Zum Jubiläum besuchte Genscher die Botschaft nun erneut und traf sich mit ehemaligen Flüchtlingen, damaligen Kollegen und heutigen Politikern. Der 87-Jährige, der selbst bereits 1952 die DDR verlassen hatte, dankte den Ostdeutschen für ihren Einsatz für eine friedliche Wiedervereinigung und mahnte, man dürfe auch heute die Errungenschaften des freien und demokratischen Europa nicht für selbstverständlich halten. Die Revolutionen, die den Eisernen Vorhang zu Fall brachten, seien auch Verpflichtung zum Schutz Europas vor spaltenden Tendenzen und Populismus.

Rudolf Seiters, der 1989 als frischgebackener Kanzleramtschef Helmut Kohls die Geschehnisse nicht nur in Prag, sondern auch in Warschau und in Ungarn miterlebt hatte, fügte hinzu, man müsse die Erinnerung an diese Zeit auch in den Schulen lebendig halten. Da seien aber auch die Eltern gefordert.

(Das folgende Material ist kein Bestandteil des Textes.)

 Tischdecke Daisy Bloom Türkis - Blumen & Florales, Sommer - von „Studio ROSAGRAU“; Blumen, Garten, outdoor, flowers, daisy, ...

Die Emotionen des Augenblicks, als Genschers Rede im Jubel derer unterzugehen drohte, die wochenlang in der Botschaft ausgeharrt hatten, waren greifbar, als ein zuvor noch nie gezeigter Film aus dem Herbst 1989 vorgeführt wurde. Den anwesenden Flüchtlingen von damals standen auch ein Vierteljahrhundert danach wieder Tränen in den Augen, als die Ereignisse des 30. September 1989 noch einmal rekapituliert wurden. Noch lange nach der Podiumsdiskussion, die von Sachsens Ministerpräsident Stanislaw Tillich eröffnet worden war, konnte Hans-Dietrich Genscher den Saal nicht verlassen. Er war umringt von Menschen, die ihm persönlich für seine Rolle bei den Verhandlungen mit der DDR-Führung und mit dem Politbüro in Moskau danken und natürlich auch noch ein Selfie mit ihm ergattern wollten.

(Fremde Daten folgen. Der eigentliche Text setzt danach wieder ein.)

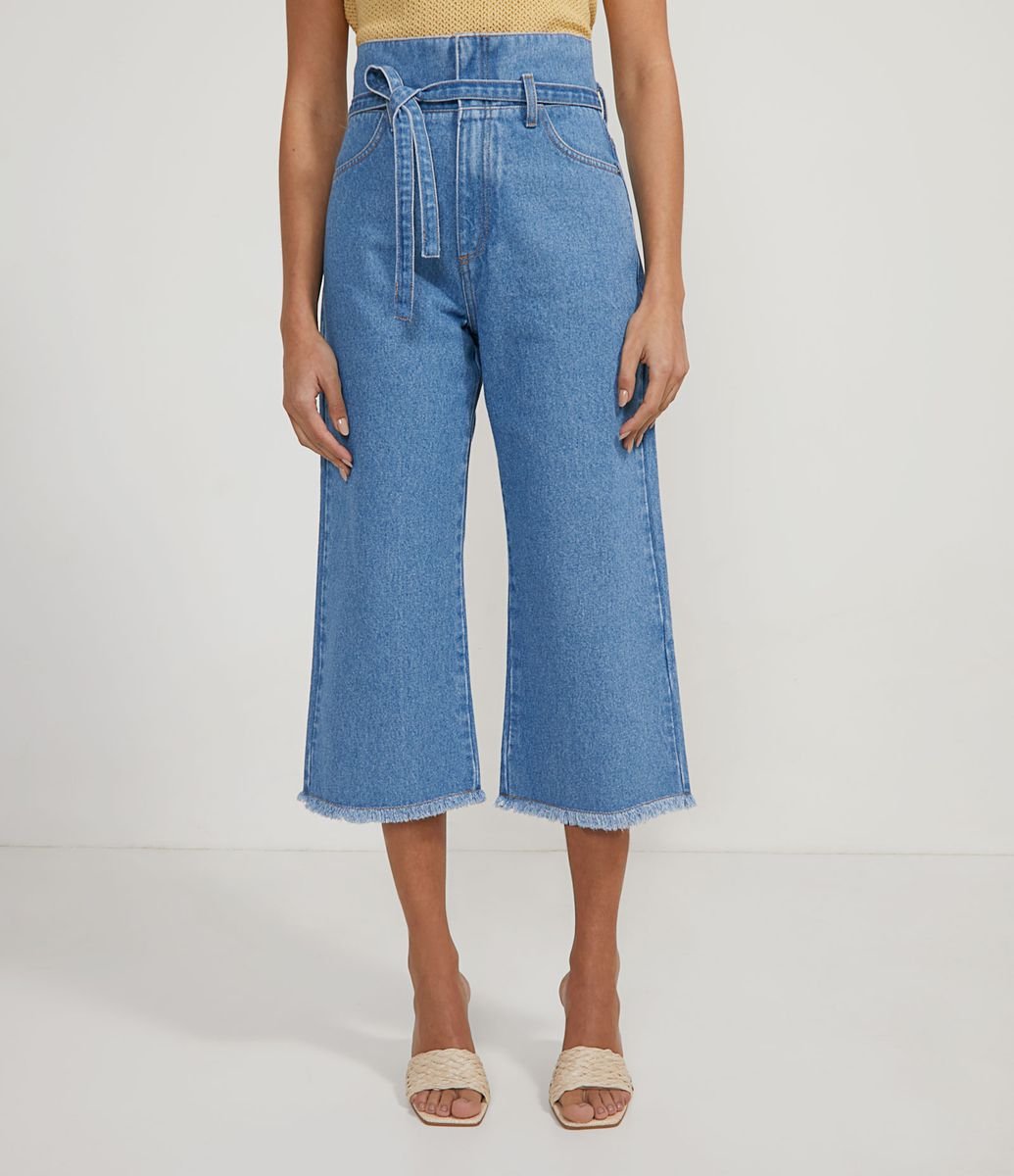bermuda pantacourt jeans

Auch der jetzige Bundesaußenminister Frank-Walter Steinmeier besuchte zu diesem Jubiläum die tschechische Hauptstadt. Zusammen mit seinem Amtsvorgänger Genscher, seinem tschechischen Amtskollegen Lubomír Zaorálek und Ministerpräsident Tillich erinnerte auch er an den langen Weg, den Deutschland seit 1989 gegangen ist. Im Garten der Botschaft traf er dann auf Jugendliche und Zeitzeugen.

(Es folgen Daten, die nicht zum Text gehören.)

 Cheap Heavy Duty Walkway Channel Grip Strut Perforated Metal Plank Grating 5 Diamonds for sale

Vor dem berühmten Balkon, den heute eine Tafel mit Genschers wohl bekanntestem Satz ziert, standen vor 25 Jahren Zelte des Roten Kreuzes, in denen die Flüchtlinge mit dem Nötigsten versorgt wurden. Vertreter des Roten Kreuzes waren auch 2014 eingeladen und feierten das Jubiläum mit den Anwesenden. Die Zelte im Garten der Botschaft am Fuße der Prager Burg waren diesmal der Präsentation des Bundeslandes Sachsen gewidmet, boten Wein, Sekt und Dresdner Stollen und zeigten damit eindrucksvoll, wie weit Deutschland seit 1989 gekommen ist.

Hans-Dietrich Genscher bedankte sich für die Einladung zum 25. Jubiläum übrigens mit der Ankündigung, auch beim 30. wieder in Prag dabei sein zu wollen. Die Einladung dazu ist sicherlich schon unterwegs.